General Ins. Co. of America v. Lowry, 412 F. Supp. 12 (S.D. Ohio 1976)

U.S. District Court for the Southern District of Ohio - 412 F. Supp. 12 (S.D. Ohio 1976)
April 29, 1976

412 F. Supp. 12 (1976)

Edward F. LOWRY et al., Defendants.

Civ. No. C-3-75-52.

United States District Court, S. D. Ohio, W. D.

April 29, 1976.

*13 J. Paul McNamara, Paul Tague, McNamara & McNamara, Columbus, Ohio, for plaintiff.

Jacob A. Myers, Kusworm & Myers, Dayton, Ohio, for defendants.


CARL B. RUBIN, District Judge.

This is an action to compel specific performance of an agreement. It was heard on June 20, 1975, for purposes of a preliminary injunction and on the merits on February 2, 1976. In accordance with Rule 65(a) (2), evidence presented at the hearing for preliminary injunction was deemed to be evidence on the merits as well and has been considered by the Court in reaching its determination. Pursuant to Rule 52 of the Federal Rules of Civil Procedure the Court does submit herewith its findings of fact and conclusions of law.


1. Prior to January 14, 1972, plaintiff General Insurance Company of America issued surety bonds on which George A. Hyland, Edward F. Lowry and C. M. Dingledine were indemnitors. Pursuant to obligations credited by such bonds the plaintiff paid out various sums of money for which it sought indemnity from the named indemnitors.

2. On January 14, 1972, a cognovit note in the sum of $564,566.79 was executed by the three named indemnitors. Twelve items of collateral security were given to secure such promissory note. For purposes of this litigation, only one such is of any significance. Item III in the list of collateral securities is stated to be "shares of common stock owned by Edward F. Lowry in Pico, Inc., an Ohio corporation".[1] On the same date the above indemnitors executed a Memorandum Agreement (Plaintiff's Exhibit 1) which contained the following language:

Hyland, Lowry and Dingledine each agree that he will do no act which will reduce or impair the security listed and that each will cooperate in the preparation and execution of the instruments necessary to perfect the security.

3. Subsequently on October 12, 1972, and on July 3, 1973, other notes were executed by the indemnitors and in each instance Item III of the collateral security was a pledge of shares of common stock owned by Edward F. Lowry in Pico, Inc. (Plaintiff's Exhibits 2 and 3). At no time were the shares of stock ever delivered to the plaintiff and no further written agreement regarding such shares was ever executed by the defendant.

4. Throughout these proceedings defendant was represented by attorney Jacob Myers, both as an individual practitioner and as President and sole shareholder in Kusworm & Myers Company, LPA. Mr. Myers attended the meeting of January 14, 1972, examined the documents signed by his client and actively represented defendant Lowry throughout the time involved in this litigation.

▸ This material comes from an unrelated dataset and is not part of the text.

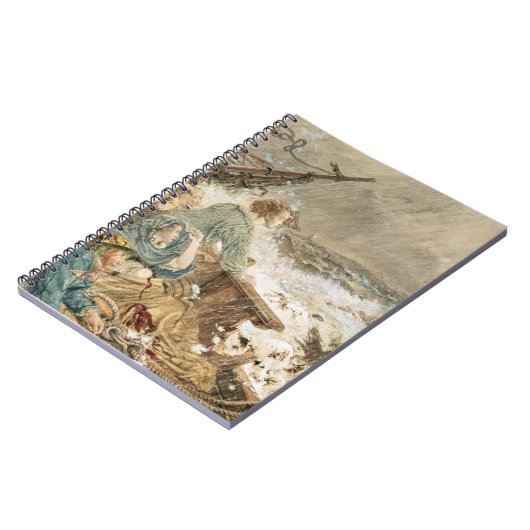 Grace Darling en haar vader redden de schipbreuk Notitieboek (Linkerzijde)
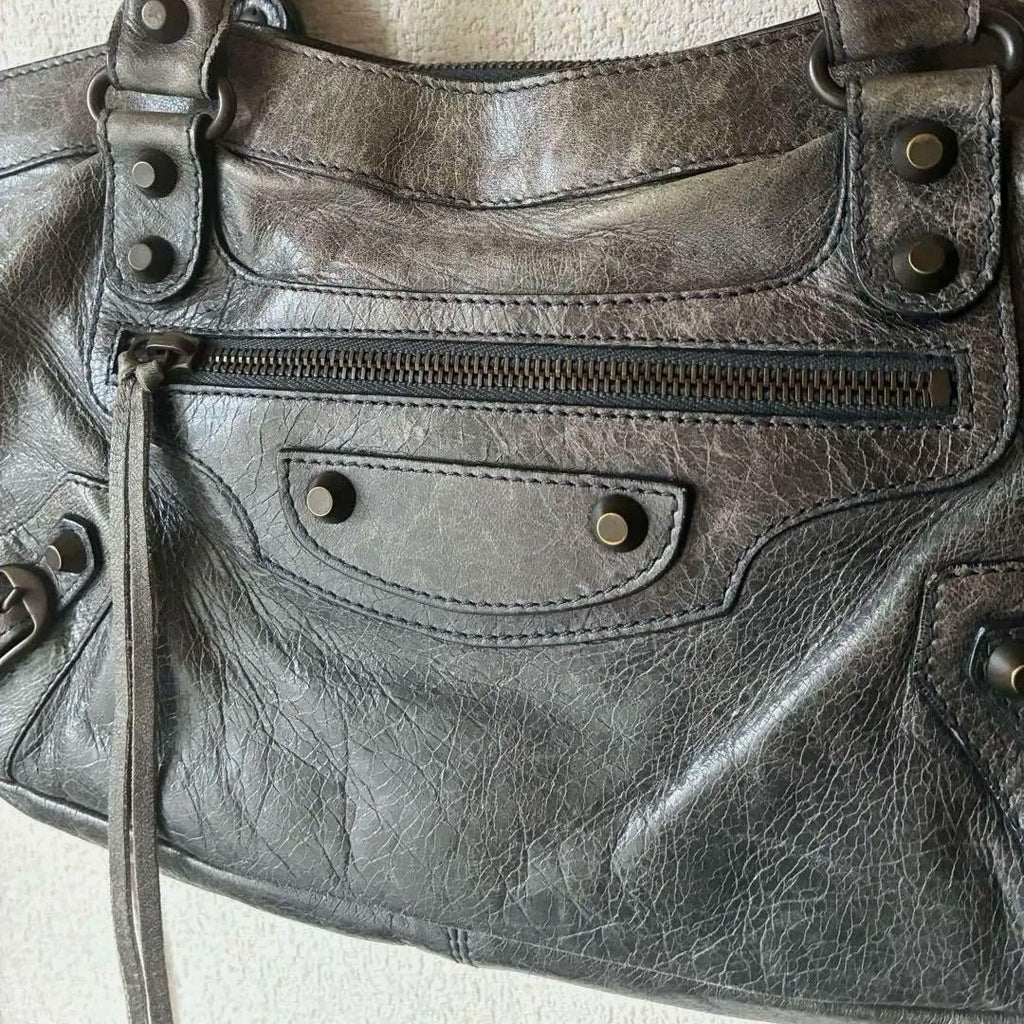 Balenciaga Moto Handbag Gray Leather Classic City Style Tote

Subsequent meetings of the parties were held in July, 1972, September, 1972, and May, 1973. Mr. Myers attended the meetings of September 27, 1972, and May 8, 1973, but did not attend the meeting in July of 1972. Other than a letter in January of 1972 from counsel for plaintiff to Mr. Myers requesting delivery of the shares of stock, no other written demand for such shares was ever made by plaintiff's counsel.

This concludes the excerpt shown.